Archive for Thursday, August 14, 2008

Archive for Thursday, August 14, 2008

Opportunity to join Webb’s staff appealing to Walters

Former head coach just wanted to be somewhere where football was important

Chris Walters joins Eudora High coach Gregg Webb's staff for the fall 2008 season. Walters held multiple head coaching jobs before joining the Eudora staff.

Chris Walters joins Eudora High coach Gregg Webb's staff for the fall 2008 season. Walters held multiple head coaching jobs before joining the Eudora staff.

August 14, 2008

His luck couldn't get any worse as a player. As a freshman, incoming Eudora High assistant football coach Chris Walters played special teams for Garden City Community College.

Then his sophomore year he won a starting job, but only played two games before tearing an anterior cruciate ligament, which ended his season. The following year, after taking a medical redshirt to maintain college eligibility, he tore the same ACL on the last day of three-a-days.

Hopefully for the Cardinals, his luck has turned in the years that have passed since those days. Walters joins the Cardinals staff as the only current assistant to have held a head coaching job at the high school level. He'll coach quarterbacks and wide receivers.

"He's got experience that most people don't have. He understands that there's a lot that goes into it," Eudora head coach Gregg Webb said. "He's got a football background, so he can give input and suggestions and really understands the game.
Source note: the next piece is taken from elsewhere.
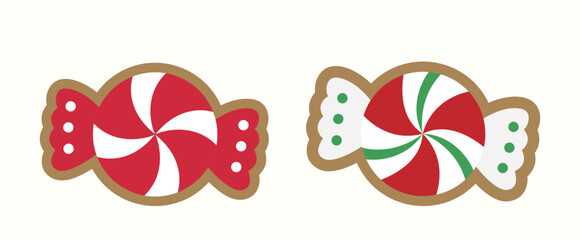 Red and white candy-shaped gingerbread cookies clipart set.
Winter Christmas party cookies.
Flat vector illustration.
White background.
"Being a head coach in a small school, or any school, you have to be pretty familiar and pretty comfortable with every position. He'll do a great job."
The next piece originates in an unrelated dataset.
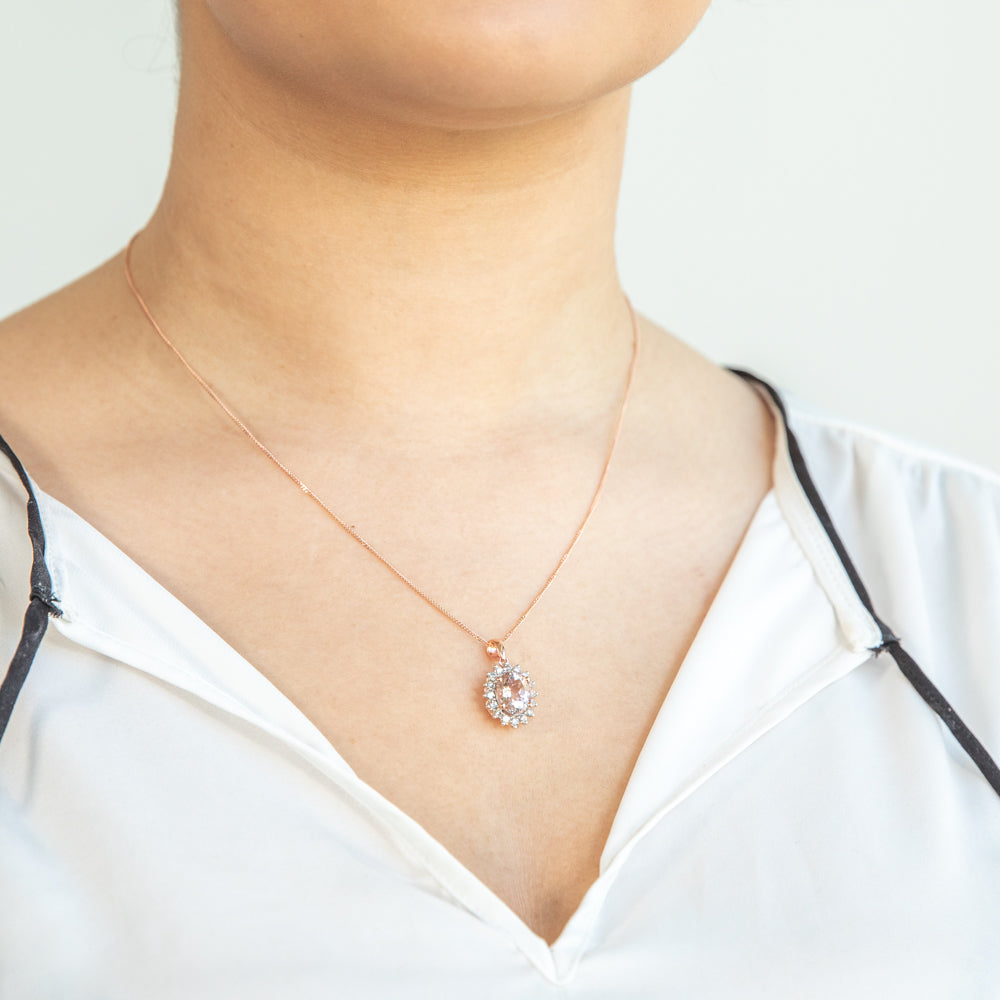 9ct Rose Gold 2.30ct Morganite and Diamond Pendant Necklace with 45cm Chain - Elegant Jewelry Gift for Women, Perfect for Weddings, Anniversaries & Special Occasions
Walters coached at Meade High School for a year after finishing his teaching degree at Fort Hays State. He then took a head coaching job at Dighton High where he coached for three years. Subsequent jobs landed him at Goodland High School for two years, Ness City High - his hometown school - for five years and Canton-Galva High for one year. Of those three, he was head coach at all but Canton-Galva, where he was defensive coordinator.

"When I was at Ness City, and I really enjoyed it there, we combined with Dighton High School and it was just a little tougher. Every other week, we went to the other site (to practice) which was 30 miles away," Walters said. "So it was kind of a tough situation. And then we didn't do real well."
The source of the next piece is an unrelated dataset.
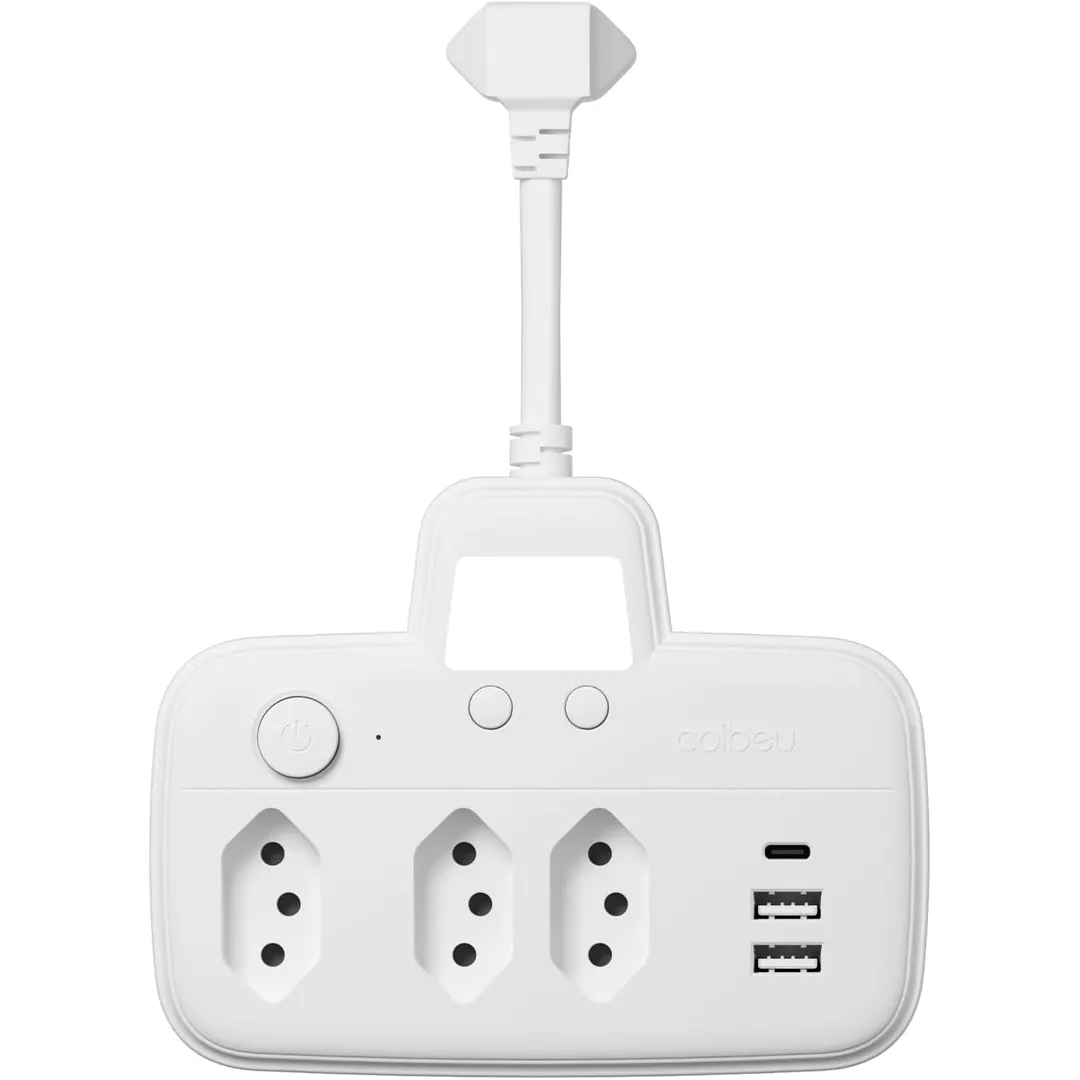 Extensao Eletrica, Extensão Tomada, Régua Tomada, Régua de Energia, Filtro de Linha com Luz, 3 Tomadas, 2 Interfaces USB, 1 Porta USB Tipo-C, Suporte a Tensão de 110-220V, Potência de 2200W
In Walters' final year at the helm at Ness City the team went 2-7, a mark not good enough for Walters.

"I always said if I wasn't getting it done I would step down and let somebody else give it a try."

After assisting at Canton-Galva, the opportunity to coach at Eudora sprung up and Walters leapt at the chance. He said the size - it's a 4A school like Goodland - and the thought of joining Webb's staff appealed to him.

While Webb and Walters were heading staffs of smaller schools, during Webb's time at Claflin High School, the two became acquaintances through exchanging game film and attending other events like coaching clinics.

"As far as saying that we knew each other well, I wouldn't say that but we knew who each other was," Walters said. "I've always admired his program and thought he did a tremendous job with the kids."

Also appealing to Walters is the enthusiasm that surrounds high school football in Eudora.

"I just wanted to be somewhere where football is important. You know it's a big deal, Friday night comes and the town is fired up about football.

"From who I've talked to, it's that way in Eudora. They have tremendous crowds and it's exciting and a fun atmosphere and I'm excited about that.

For Eudora, Walters joins the Cardinals in a crucial year for the quarterback position. Brynnen Webb and Matthew Abel, two players who held the position by committee a year ago, have graduated.

Now it's down to at least a three-man race with Drew Noble, Zach Bryan and Christian Richardson. Richardson emerged at camp as a possibility after playing mostly wide receiver in summer 7-on-7 league games.

Either way the race goes, Walters, in his first year, looks forward to working with a first-year signal caller and Webb thinks having him on staff will help with the inexperience at the quarterback position.

"In a year where that position is so important to us - and it's important every year - he can help with the transition and that pressure that whoever gets that job is going to take to the next level, which is the varsity level," Webb said. "It's more about demeanor and poise and handling the pressure that he might be able to help them.